- Exercise: Copy nothing before the line that contains "Oscar-Hammer: Vorjahrssieger geben"; from there, transcribe each line exactly through the end of the material, omitting pictures.

- Data supplied:
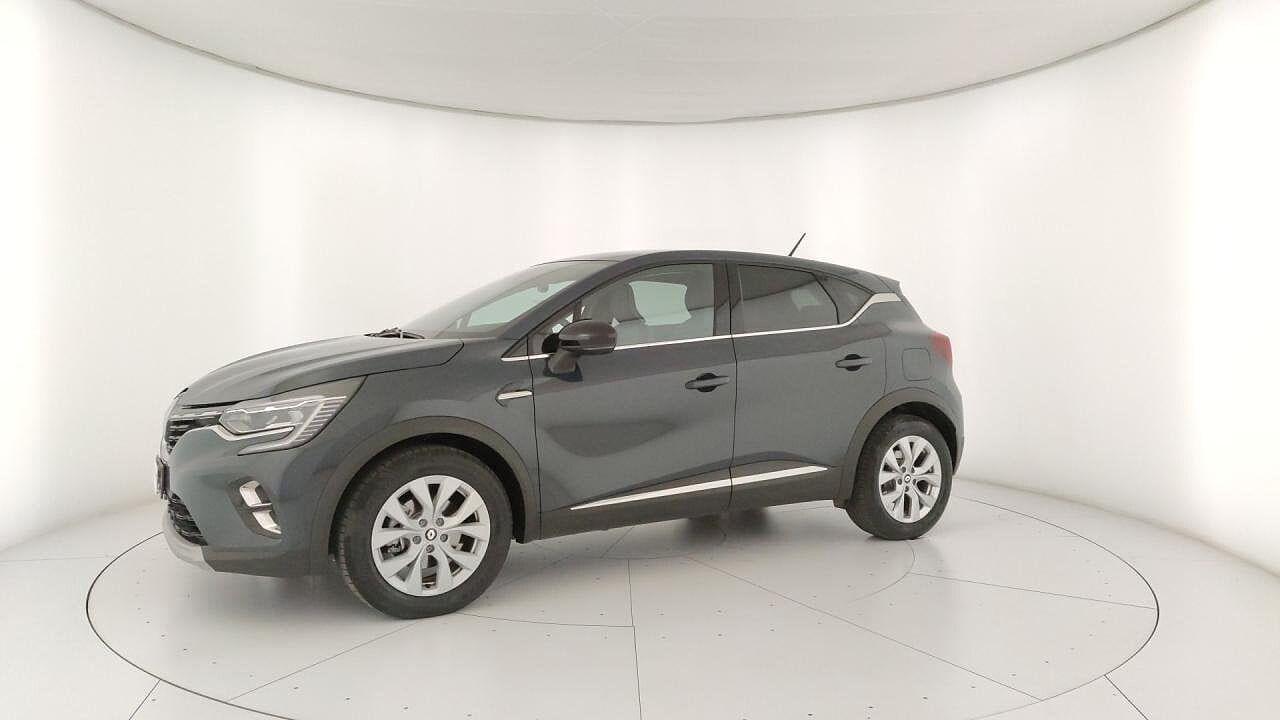 Renault Renault Captur usata, con isofix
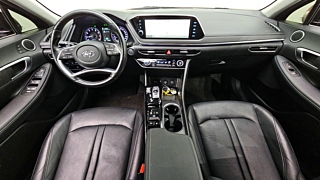 HYUNDAI SONATA DN8 2021
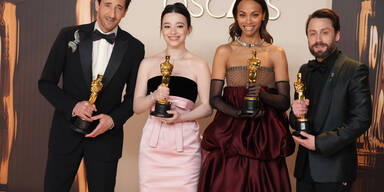 Oscar-Hammer: Vorjahrssieger geben jetzt die Preise weiter!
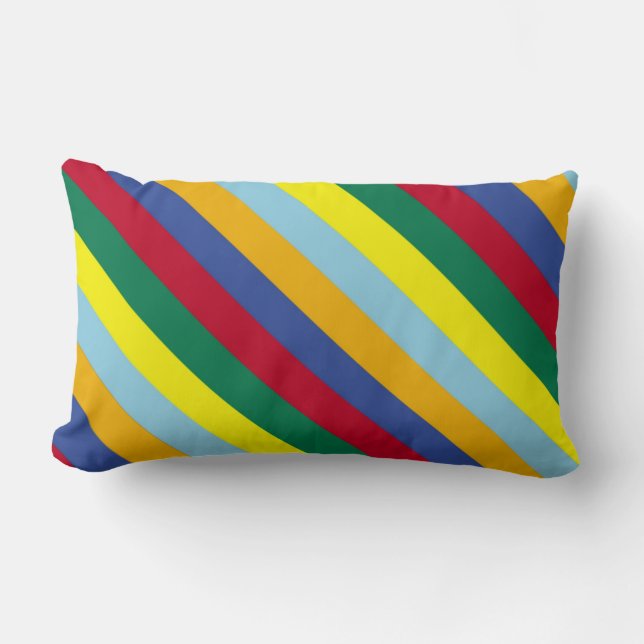 Coussin décoratif Pop Art (Recto)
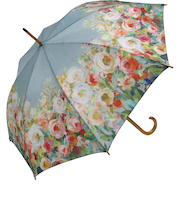 【当商品送料無料】ジャンプ傘 レディース 通販 雨傘 長傘 58.5cm 約60cm ワンタッチ傘 レディース傘 傘 カサ かさ グラスファイバー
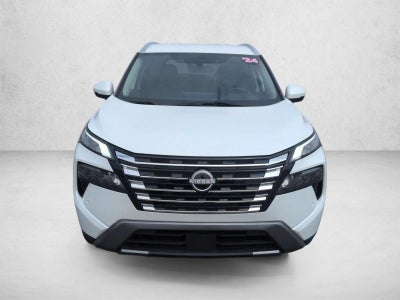 2024 Nissan Rogue SL FWD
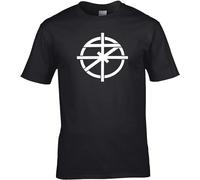 7 Seconds- 1980S American Hardcore Punk Rock Band Unisex 100% Cotton Short-Sleeve T-Shirts Black XL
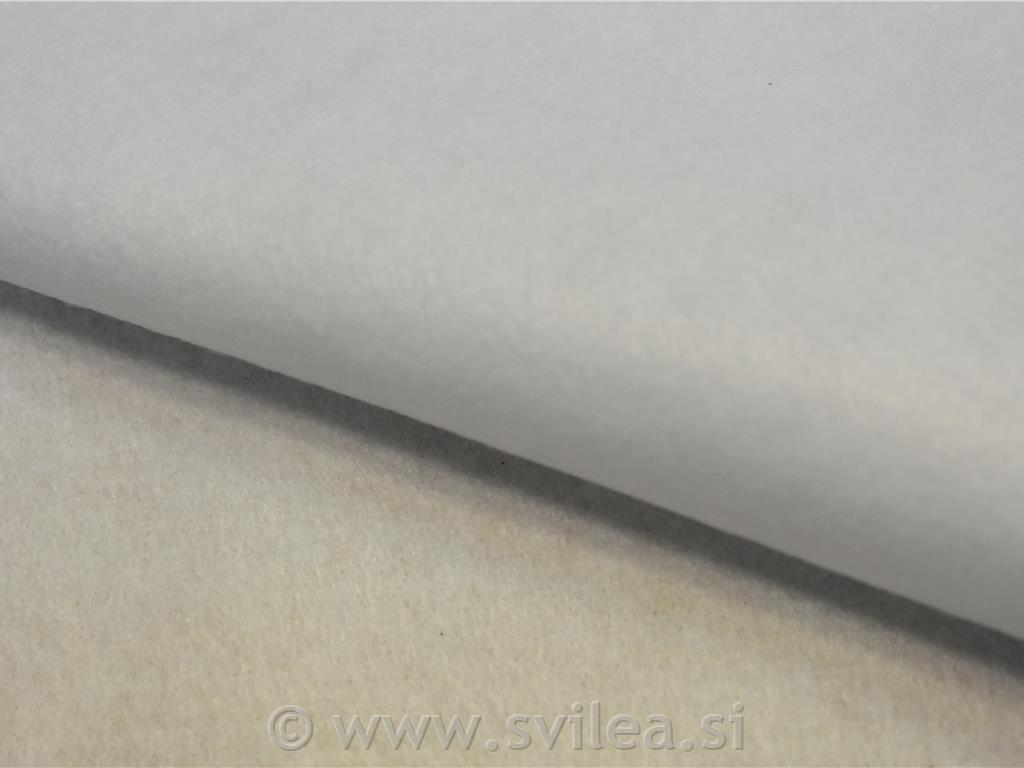 Filc 1 mm - bel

- Reply to the exercise:
 Oscar-Hammer: Vorjahrssieger geben jetzt die Preise weiter!
 Coussin décoratif Pop Art (Recto)
 【当商品送料無料】ジャンプ傘 レディース 通販 雨傘 長傘 58.5cm 約60cm ワンタッチ傘 レディース傘 傘 カサ かさ グラスファイバー
 2024 Nissan Rogue SL FWD
 7 Seconds- 1980S American Hardcore Punk Rock Band Unisex 100% Cotton Short-Sleeve T-Shirts Black XL
 Filc 1 mm - bel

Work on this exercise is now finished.